I tried to run demultiplexing accepting any sequence for a sample (with a barcode containing only Ns), but all reads are written to unmatched.R1.fq.gz instead of the sample fq.

Is this intended?

nh13 commented 1 month ago

@mschubert would you be willing to share some of your data, or one FASTQ record that should have been matched to a sample along with the expected barcode?

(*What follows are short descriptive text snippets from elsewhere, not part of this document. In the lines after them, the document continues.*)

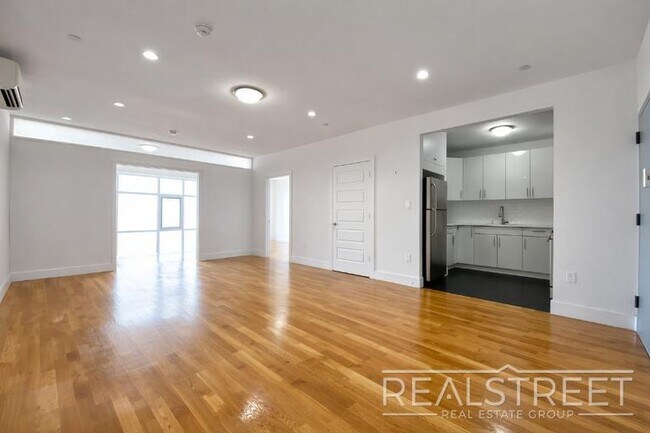 Building Photo - LUXURY 2.5 Bed  in Queens!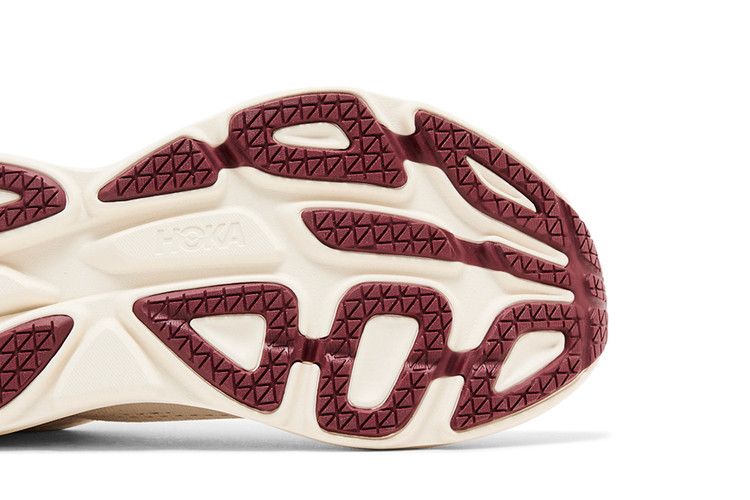 Hoka Bondi 8 'oat Milk Alabaster'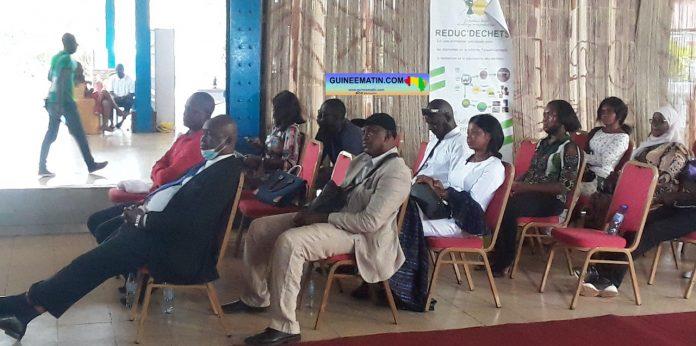 Gestion des déchets : le forum africain pour l’économie circulaire (FAEC) s’engage dans l’assainissement de Conakry Gestion des déchets : le forum africain pour l’économie circulaire (FAEC) s’engage dans l’assainissement de Conakry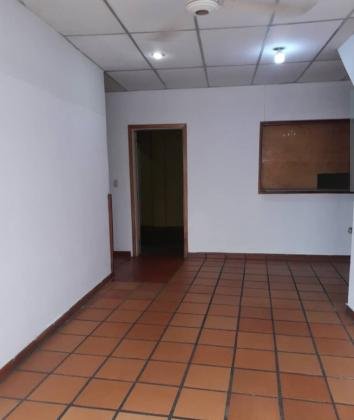 Alquilo local comercial en el centro de la ciudad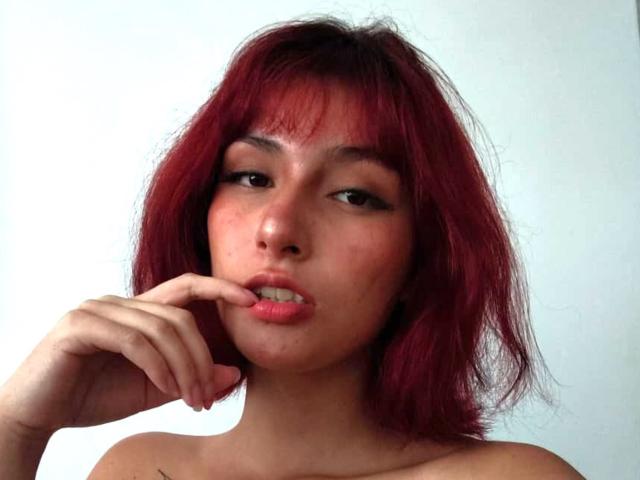 IsabellaHallad - Sexe cam en vivo - 27902162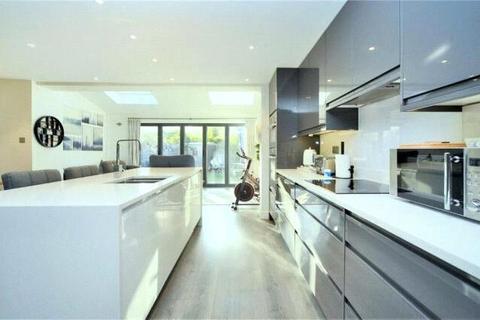 18 Dunnymans Road, Banstead, SM7 2AN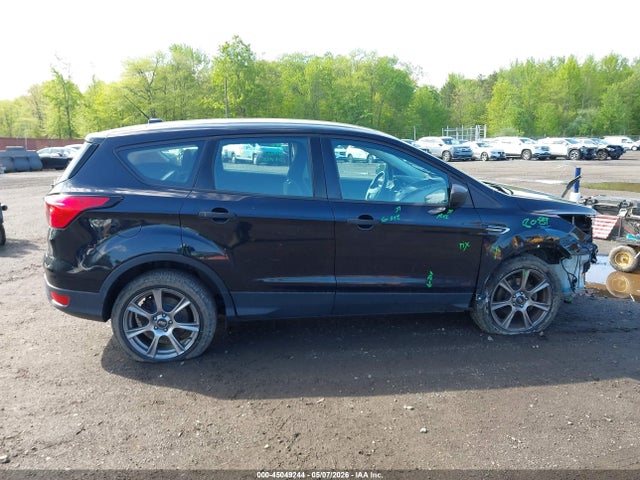 Продаж на аукціоні авто 2019 Ford Escape S, vin: 1FMCU0F74KUB30683, номер лоту: 45049244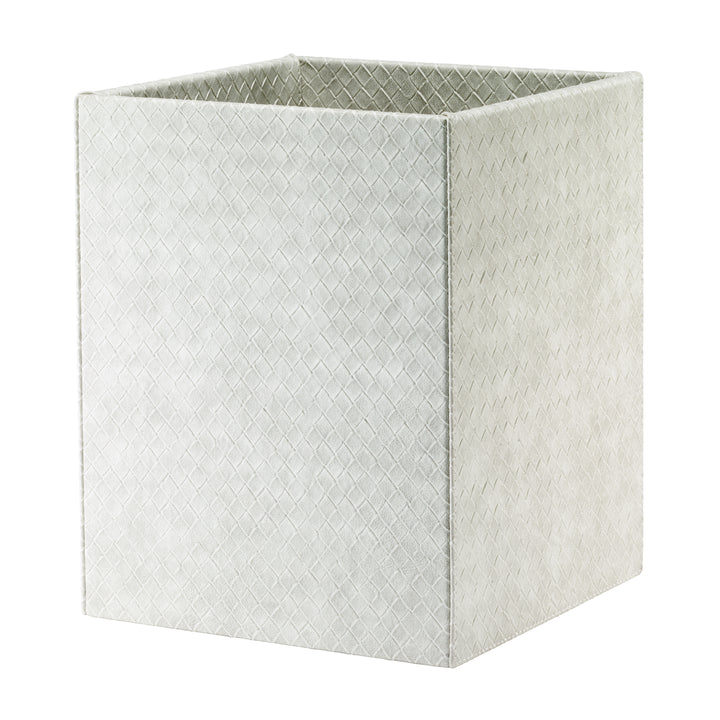 Tressé Collection Vinyl Bathroom Accessories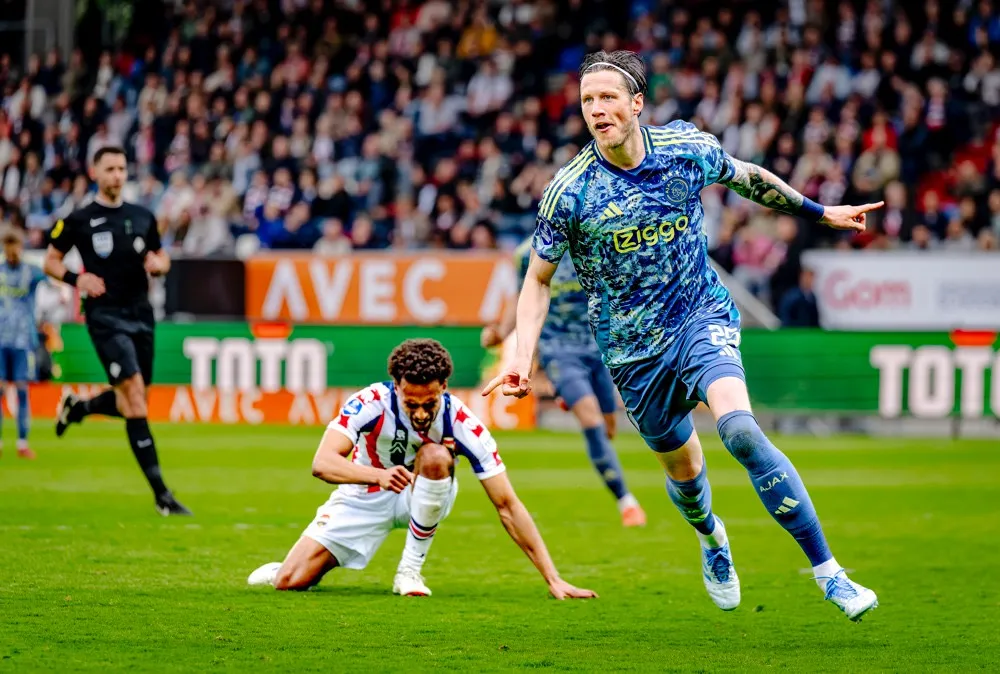 Ajax laat Willem II ruiken aan overwinning maar wint met 1-2 in Tilburg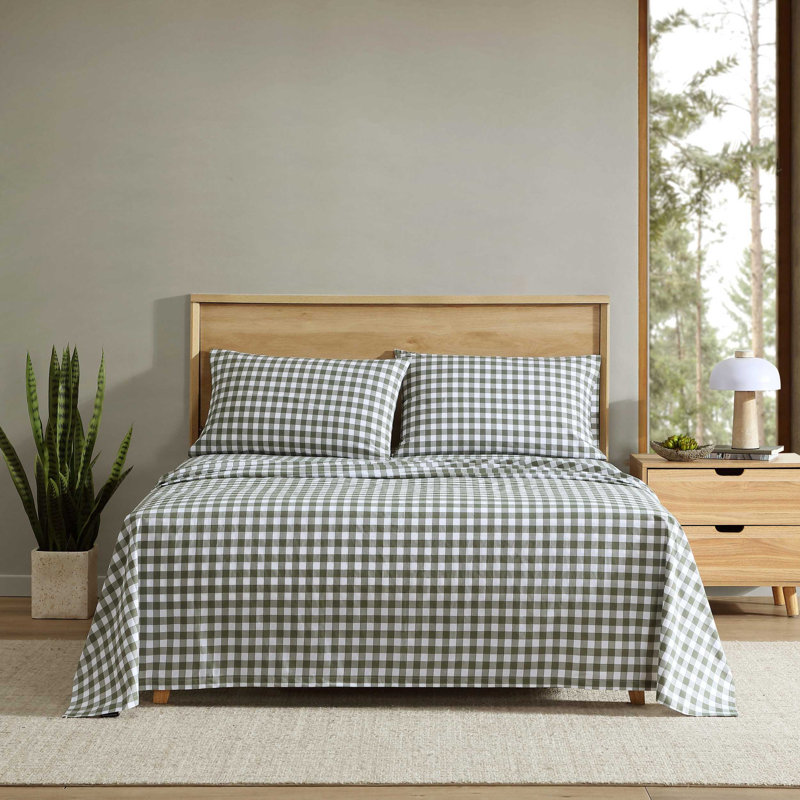 Shasta Lake Cotton Percale Standard Sheet Set, King Sheet Set with 2 Pillowcases, Green Tartan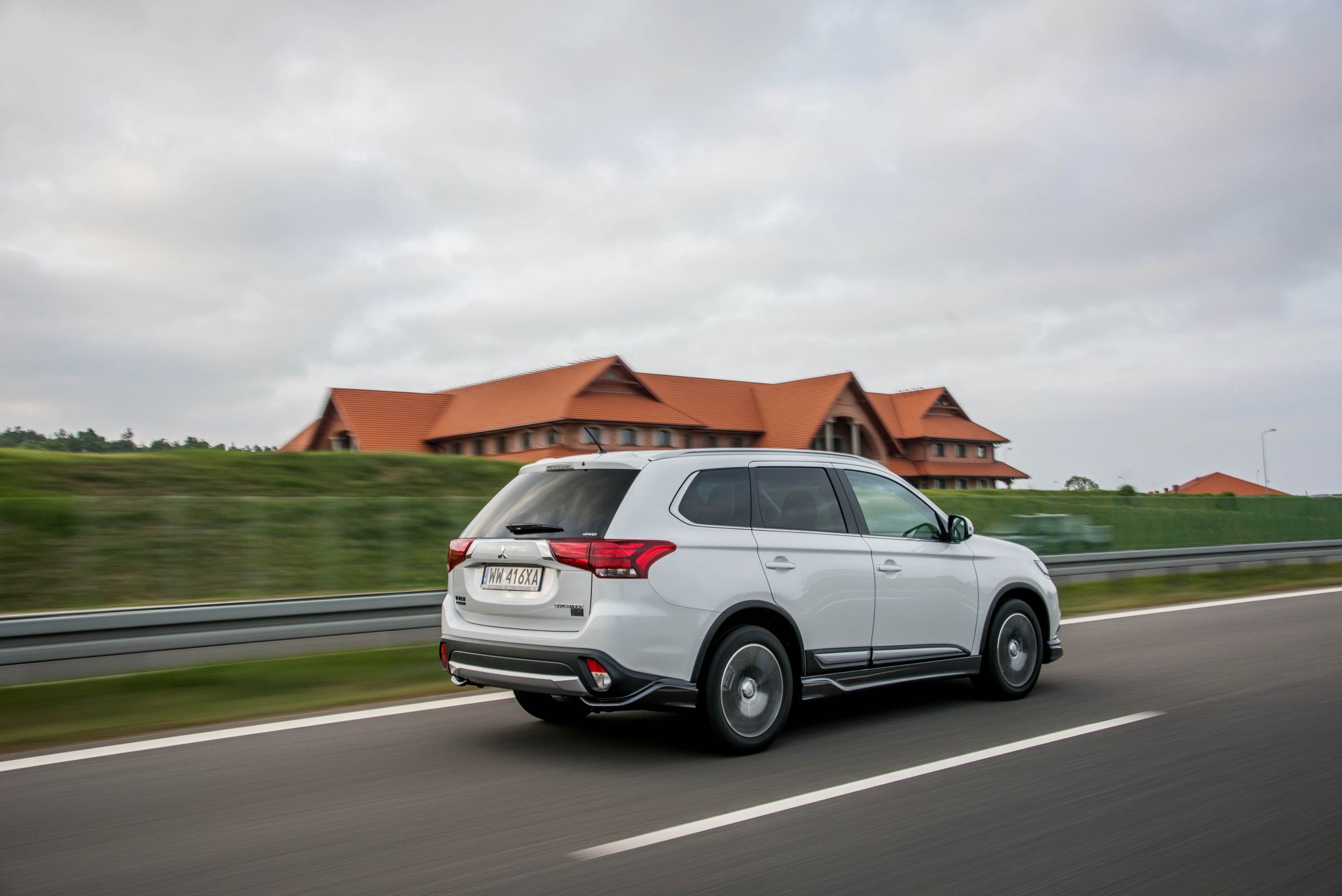 Mitsubishi Outlander III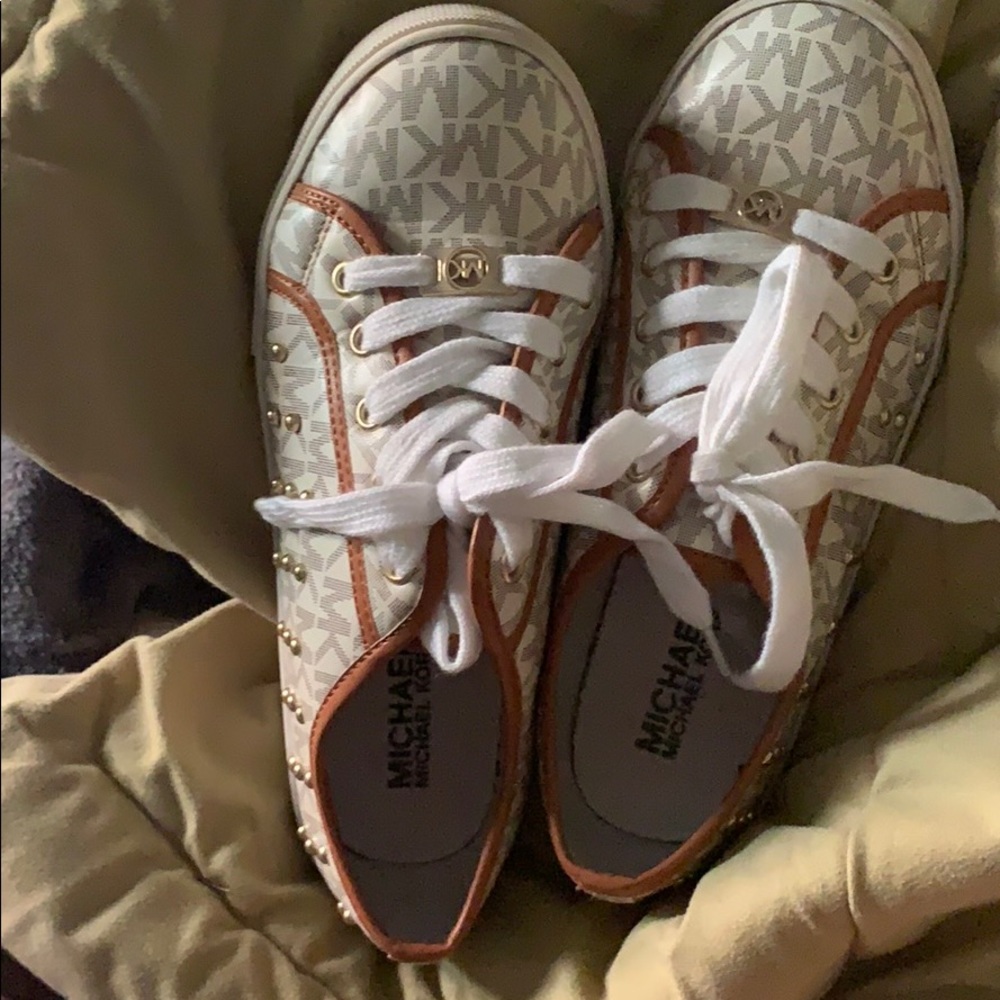 MK shoes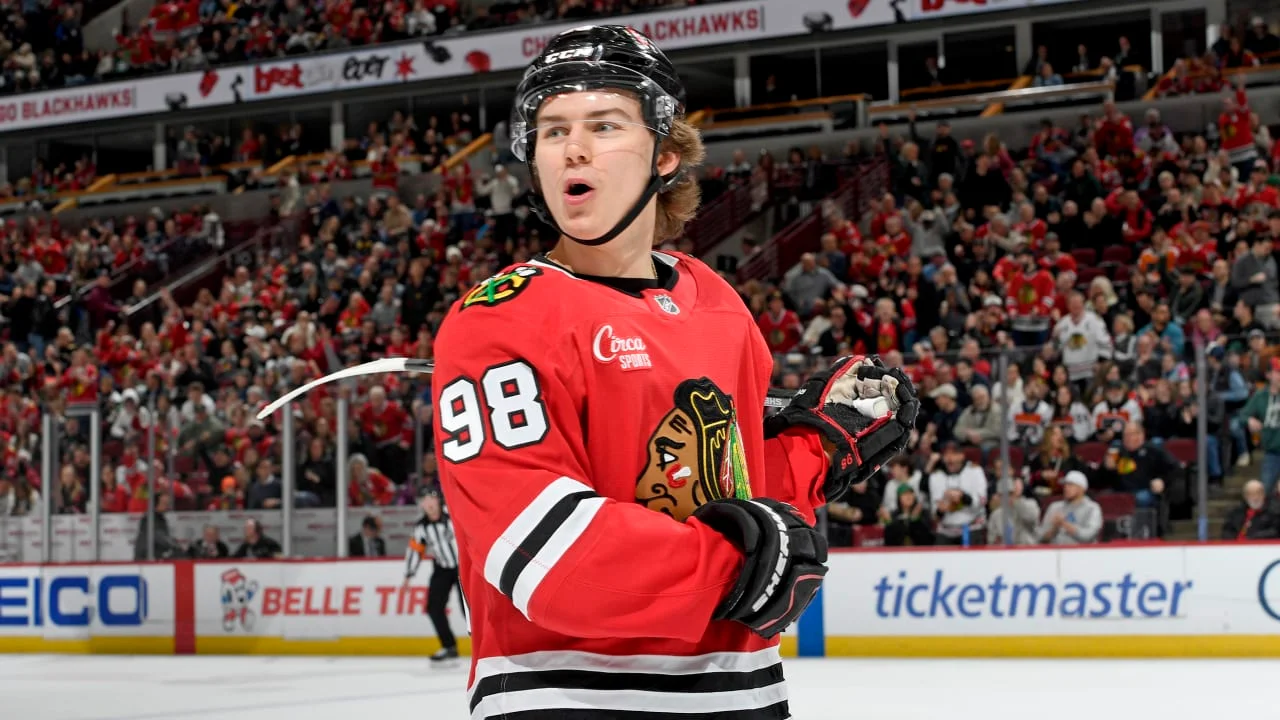 Bedard inks five-year, $75M deal with Blackhawks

mschubert commented 2 weeks ago

My apologies for the late reply: The issue seems to be with fastq records that contain Ns themselves:

# my.fq.gz
@M00872:1070:000000000-GLPWM:1:1101:15776:1330 1:Y:0:1
AAGANNATNGNNGNNANNNTNNNAACGTAGTGCGCCAGCCTATTTCAGTGCTCAATCTTGCAGAGAATACTCTTGAGAGCG
+
AA1A##>>#>##A##A###A###ABBFFFHGGHEGGGGGGHHFHHHHHHHHHGFHHHHHHHHHHHCGHHFHHHGHHHHHHE
@M00872:1070:000000000-GLPWM:1:1101:15866:1331 1:Y:0:1
AAGANNATNGNNGNNANNNTNNNAACGTAGTGCGCATAAGCCGTTCAAGAGGAGCCATTGTGGGGAGGCCCTGGGGACTGG
+
AAAA##>>#>##A##A###A###BABFFHHGGHEEEEGHFFHGEEGHGFHEHHEHGFHHHFGFC>FCGGCEHHHGGAEFG/
# meta.tsv
sample_id  barcode
test       NNNNNNN
fqtk demux --inputs my.fq.gz --max-mismatches 0 --read-structures 7B+T --sample-metadata meta.tsv --output out
nh13 commented 2 weeks ago

Thank-you @mschubert for the clear report!